Does `Booster.predict` use multiple threads by default?

zzhengnan · March 19, 2021, 4:18pm

Hi all.

I’m trying to figure out whether the default behavior for Booster.predict in the Python API is to utilize all available threads. I came across a number of posts on the default threading behavior specifically in the context of model training, but couldn’t find the same information for model prediction.

I did find this GitHub comment from 2016, but found the following statement counter-intuitive, given that predict was known to be thread unsafe as documented in this issue among a few others.

the model would by default use all the available threads (as if nthread=0), provided that OMP_NUM_THREADS environment variable wasn’t set.
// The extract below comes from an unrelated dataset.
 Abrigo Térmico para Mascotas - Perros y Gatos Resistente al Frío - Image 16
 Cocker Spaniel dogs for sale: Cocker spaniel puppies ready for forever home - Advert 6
I tried digging into the C++ source code and even attempted to look into OpenMP but haven’t had much luck, as I have limited experience in either.

Thanks in advance!

hcho3 · March 22, 2021, 4:22am

Yes, the predict() function will use all threads by default. You can verify it by looking at which CPU cores are utilized. To control the number of threads used, you can pass nthread parameter to the Booster object, by

bst.set_param({'nthread': 2})

zzhengnan · March 22, 2021, 1:55pm

Thanks for your reply, Philip. I’m wondering why the default is to use all threads when predict was known to have been thread unsafe prior to v1.1.0 (link to relevant entry in the change log). Could you provide more context on the rationale? Thanks.

hcho3 · March 22, 2021, 4:11pm

The lack of thread safety was due to the use of a global state that made it unsafe to call predict() with the same Booster object from multiple threads. It has nothing to do with whether the single predict() method uses multiple threads or not.

FYI, the thread safety issue has been fixed in #6648 and will be part of the upcoming 1.4.0 release.